* [Action item]: Once the images are set aside, print the remaining lines below exactly.

* [Dataset content]:
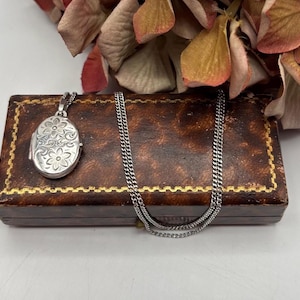 Vintage Sterling Silver Floral Oval Locket Necklace on Fine Curb Chain – Holds Two Photos – Elegant Gift *Ref 23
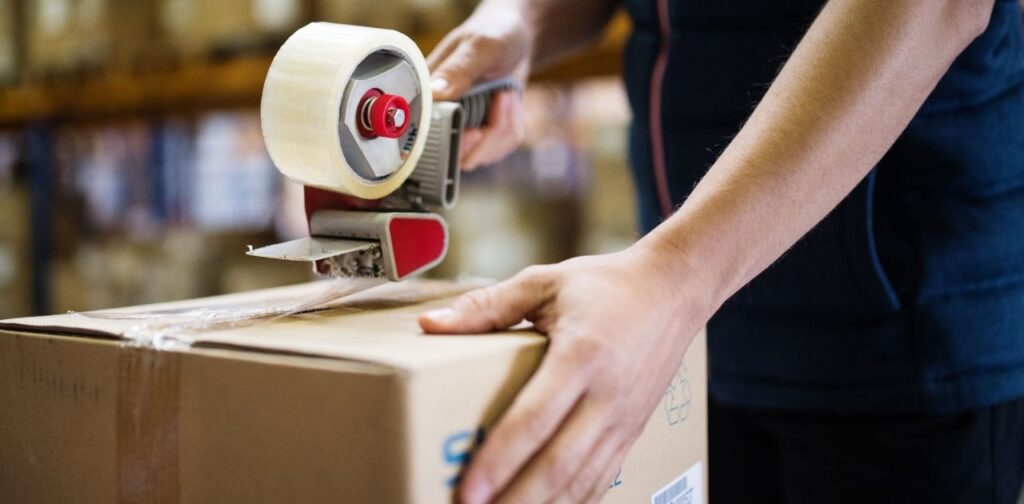 homem etiquetando caixas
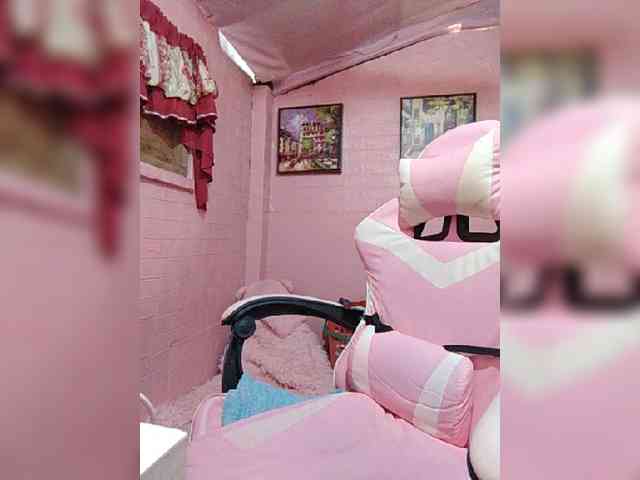 hornylittleprincess69 webcam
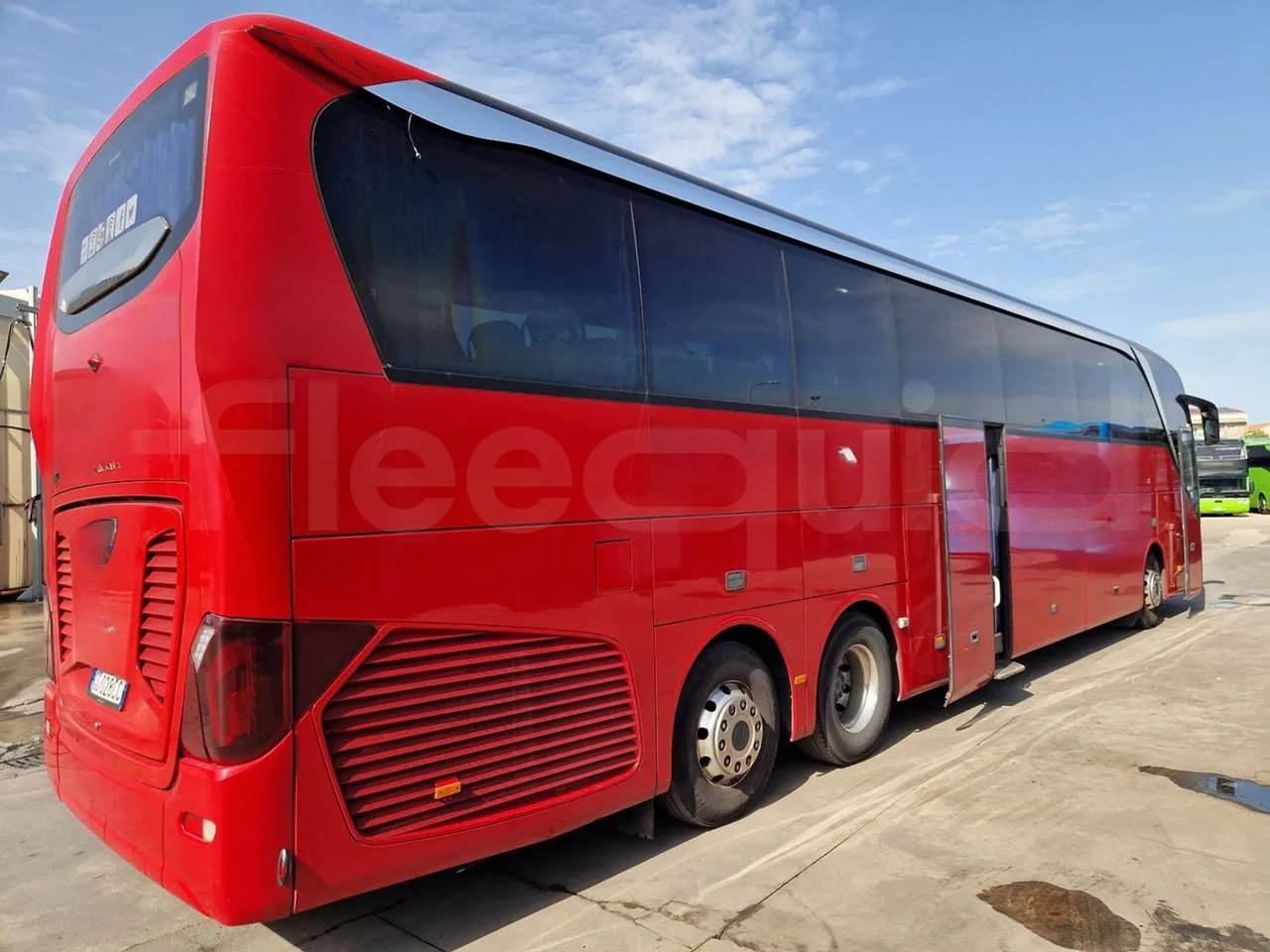 Setra S517 410 03 - EUR6 - 375kW - 14.165m - 3/4 right rear doors open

* [Expected answer]:
 Vintage Sterling Silver Floral Oval Locket Necklace on Fine Curb Chain – Holds Two Photos – Elegant Gift *Ref 23
 homem etiquetando caixas
 hornylittleprincess69 webcam
 Setra S517 410 03 - EUR6 - 375kW - 14.165m - 3/4 right rear doors open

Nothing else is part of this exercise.